#### [Exercise input]
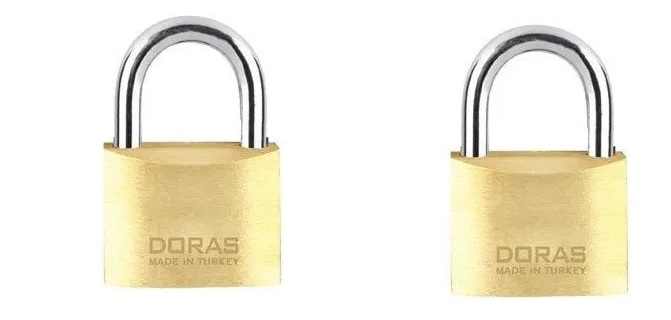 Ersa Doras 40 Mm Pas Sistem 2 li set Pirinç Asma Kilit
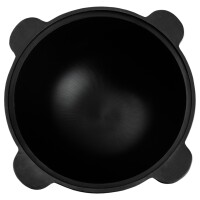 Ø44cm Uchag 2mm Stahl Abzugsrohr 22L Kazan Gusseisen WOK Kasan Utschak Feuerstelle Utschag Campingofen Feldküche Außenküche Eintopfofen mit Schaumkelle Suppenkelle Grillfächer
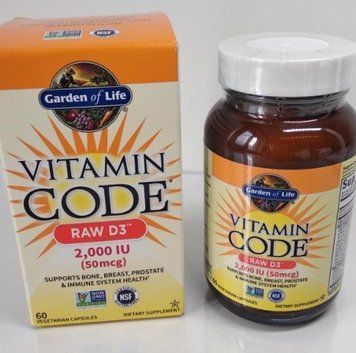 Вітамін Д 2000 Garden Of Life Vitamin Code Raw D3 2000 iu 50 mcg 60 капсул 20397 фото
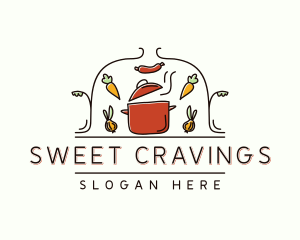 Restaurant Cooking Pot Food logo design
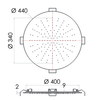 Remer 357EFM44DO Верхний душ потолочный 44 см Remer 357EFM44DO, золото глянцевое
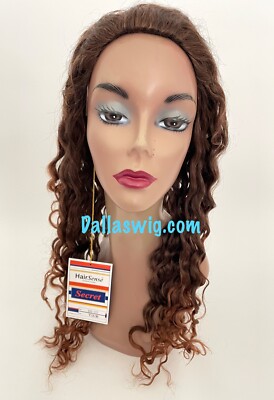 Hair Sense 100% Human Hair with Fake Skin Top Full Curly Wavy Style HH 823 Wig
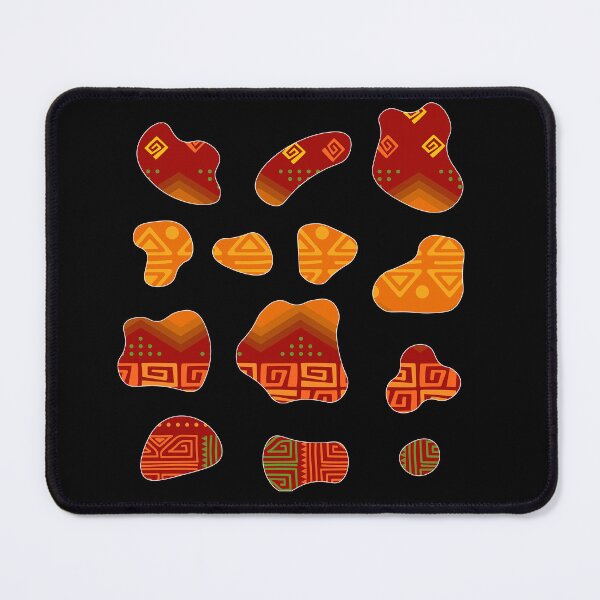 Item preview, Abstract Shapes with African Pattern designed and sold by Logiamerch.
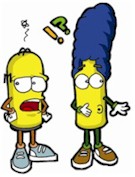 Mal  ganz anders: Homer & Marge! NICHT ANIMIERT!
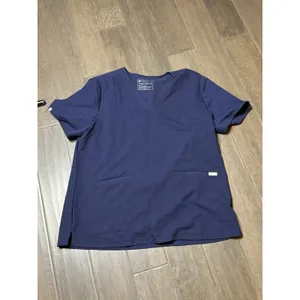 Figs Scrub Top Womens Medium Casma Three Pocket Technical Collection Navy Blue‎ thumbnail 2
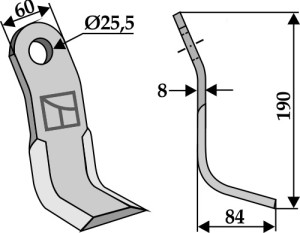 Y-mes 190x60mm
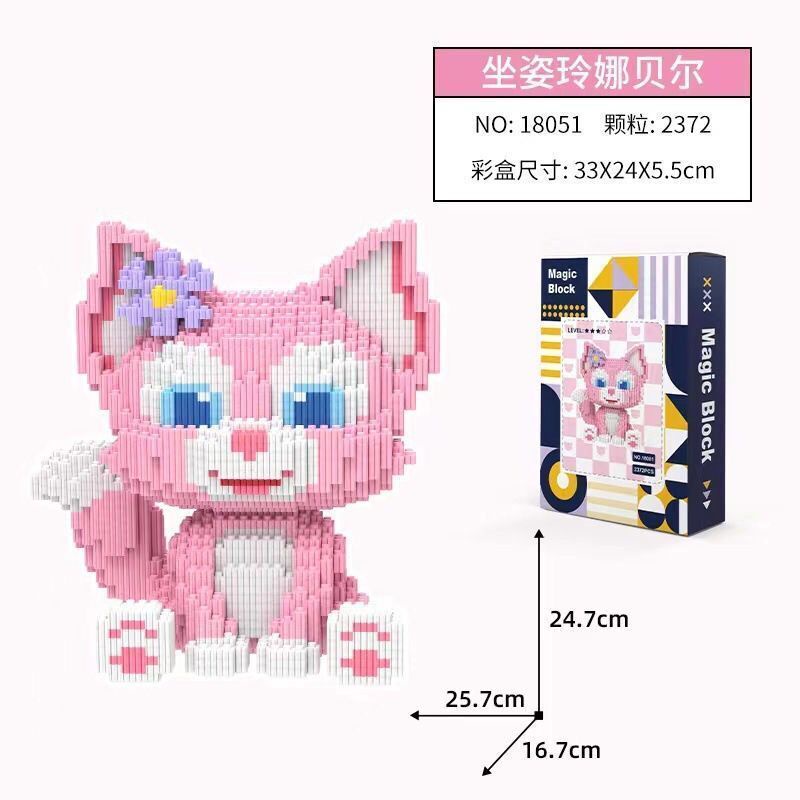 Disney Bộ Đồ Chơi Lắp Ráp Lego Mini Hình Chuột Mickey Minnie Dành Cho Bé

==

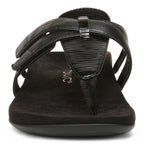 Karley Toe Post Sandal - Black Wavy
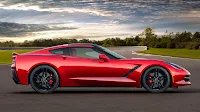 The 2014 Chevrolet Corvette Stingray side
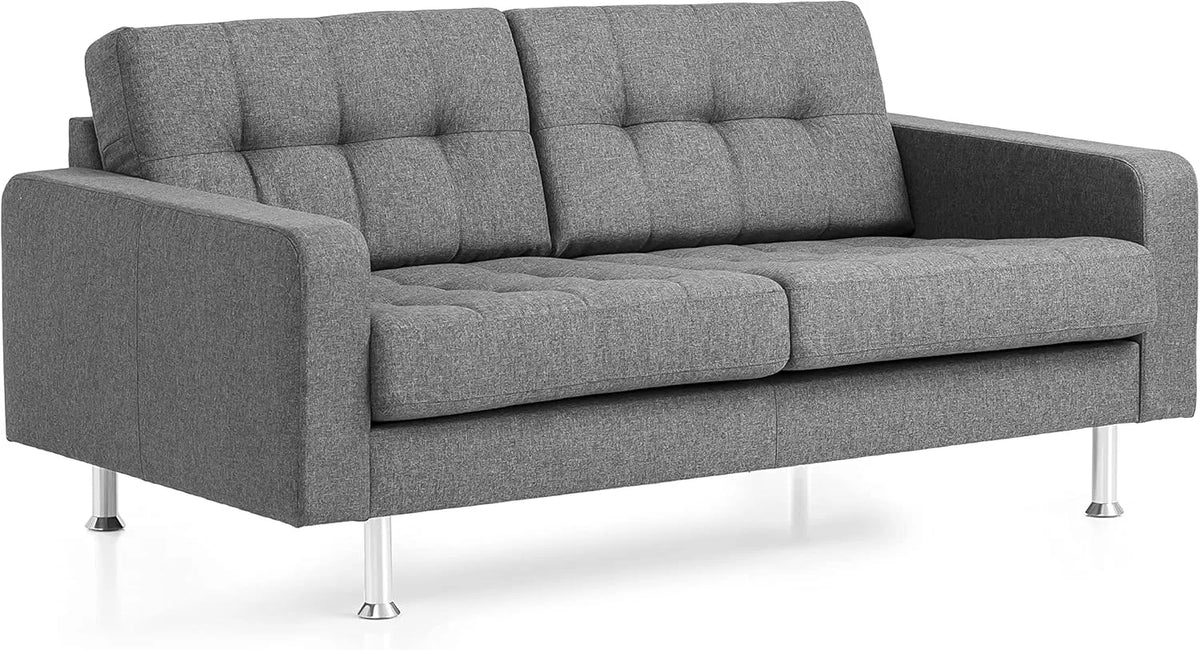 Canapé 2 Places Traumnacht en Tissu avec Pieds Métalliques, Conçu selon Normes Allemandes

...

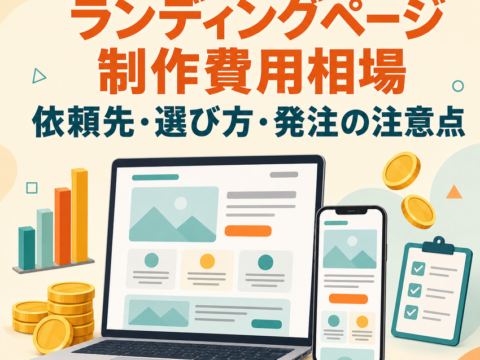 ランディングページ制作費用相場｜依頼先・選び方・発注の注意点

#### [Task item]
Above are some records. Reproduce the lines from the one with "Marge! NICHT ANIMIERT!" down to the one with "Disney Bộ Đồ", keeping both, and leave every picture out.

#### [Response box]
 Mal  ganz anders: Homer & Marge! NICHT ANIMIERT!
 Figs Scrub Top Womens Medium Casma Three Pocket Technical Collection Navy Blue‎ thumbnail 2
 Y-mes 190x60mm
 Disney Bộ Đồ Chơi Lắp Ráp Lego Mini Hình Chuột Mickey Minnie Dành Cho Bé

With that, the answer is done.